An 18-year follow-up study of the Infant Health and Development Program (IHDP), published in the March 2006 issue of Pediatrics, provides the best evidence to date of the sustained, positive effects of early educational intervention on children's long-term outcomes. This large, multi-site, randomized trial expands on earlier investigations—that were smaller and more limited in scope—to support the value of early intervention programs and the need to extend educational enrichment activities to a broader range of children. The IHDP intervention served lower- and higher-weight preterm infants, who tend to be at risk for serious health and developmental problems.
“These findings are very encouraging, and provide compelling and useful data for health care providers, policy makers, economists and parents with regard to the enduring benefits of early childhood interventions,” said principal investigator Marie C. McCormick, M.D., Sc.D., professor of maternal and child health at Harvard School of Public Health. “The sustainability of effects reinforces the importance of such programs, and the need to make these services available and accessible to at-risk infants early on—before problems arise—to maximize their impact.”

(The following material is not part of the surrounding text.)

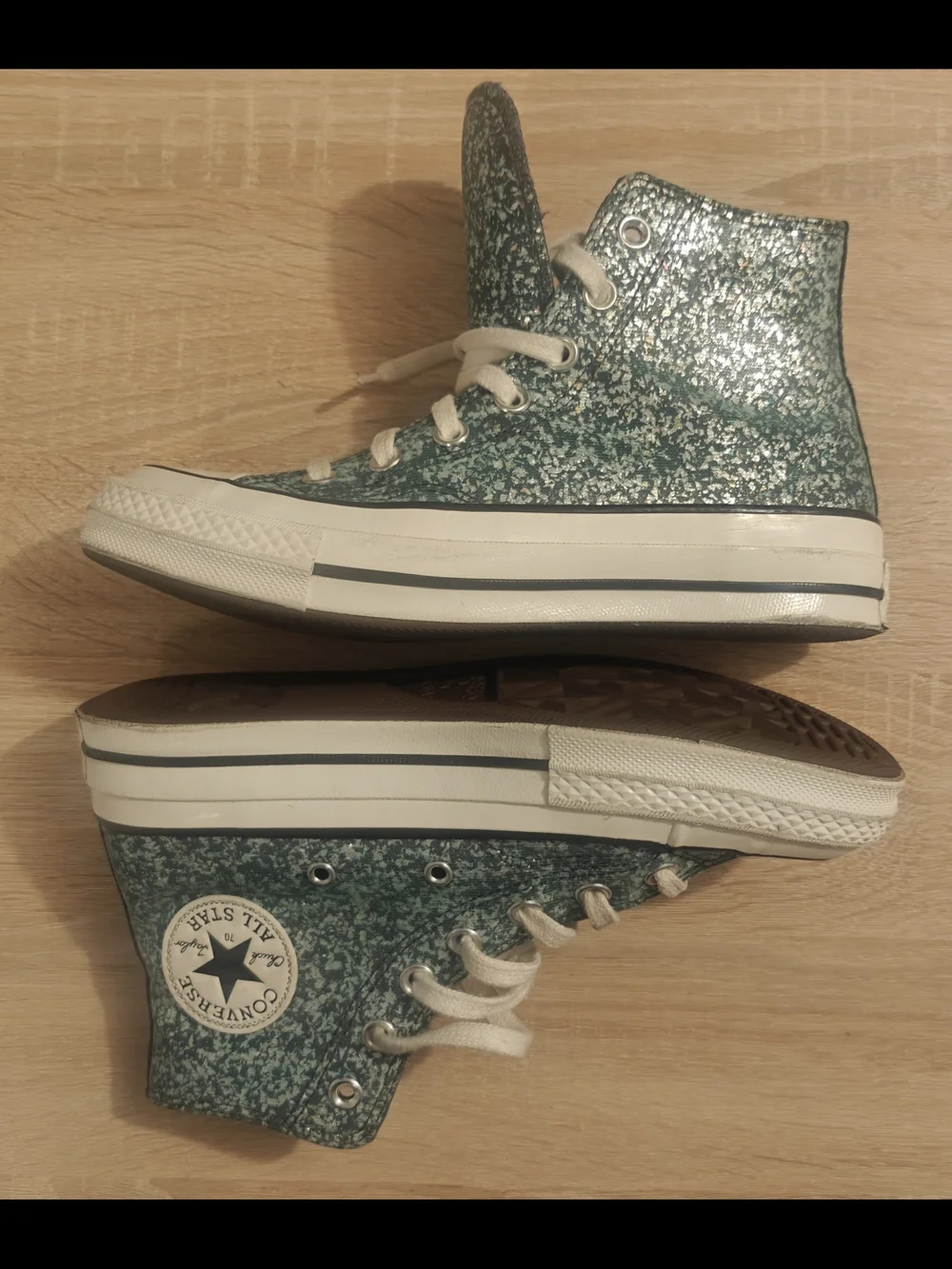 Womens Converse Chuck 70 HI Glitter A10097C - Newtrail Teal/Egret/Black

Adolescents in the intervention group were more likely to have higher achievement scores in math and reading and fewer risky behaviors (e.g., antisocial behavior, suicidal thoughts/attempts, smoking, alcohol or marijuana use) than the follow-up only group. The original 36-month intervention consisted of home visits every week for the first year of the child's life and every other week in the second and third year, along with daily center-based education beginning at 12 months (corrected for duration of gestation) and a support group for parents of participating children. The follow-up only group received frequent pediatric assessments and community services when needed during the intervention period. At age 18, 636 of the original 985 participants took part (65 percent, or 72 percent of those who were eligible having not died or refused at prior assessments). Earlier assessments were at 3, 5 and 8 years of age.“This is the largest study ever to evaluate the effects of early development intervention for preterm infants, who we know to be at risk for all kinds of academic and behavioral problems,” explained Laura Leviton, Ph.D., senior program officer at the Robert Wood Johnson Foundation, which provided funding for this study. “Results indicate that high-quality early education services can greatly improve children's lives, giving them the best chance to achieve their full potential and become successful, healthy adults.”
While the present findings are strikingly parallel to those of earlier, smaller studies, the IHDP has important methodological strengths, which add credibility to the demonstrated long-term value of early educational interventions:
The program, which involves the largest number of preterm infants to date, was uniformly implemented and closely monitored at eight major birthing centers across the country.
A variety of assessment instruments were selected and used to ensure continuity with previous measurement periods. Data were adjusted for cohort attrition and participant and control groups were comparable. The eight study sites were selected based on the institution's capacity to provide services and primarily reflect centers with large birthing populations. Participating centers were located in Little Rock, Ark., Boston, Mass., South Bronx, N.Y., Philadelphia, Pa., Dallas, Texas, Miami, Fla., Seattle, Wash., and New Haven, Conn.
"This study is an important contribution to the field of child development, and bolsters an impressive body of literature demonstrating the effectiveness of early interventions, shown to enhance educational achievement and social outcomes,” said Jim Heckman, Ph.D., Nobel Laureate and professor of economics at the University of Chicago. “Except for the lowest birth weight categories, there are lasting effects of the intervention on achievement and behavior.”
The lack of observable benefits in the lighter low birth weight group (≤ 2,000 g) is of concern, and underscores the need for further research to identify educational, environmental or biological factors that may promote or impede sustained effects of early educational intervention. It is important to note, this group of high-risk babies did demonstrate positive effects at 3 years of age. The question of how to best support these high-risk infants, and extend the benefits of early education later into their lives, remains.
The age of assessment (18 years) may fall short in terms of being able to gauge important economic outcomes, such as higher educational attainment, occupational status and eventual income. The Abecedarian Project, which IHDP sought to replicate, reported sustained intervention advantages beyond 21 years of age, including the proportion of participants enrolled in a four-year college or university.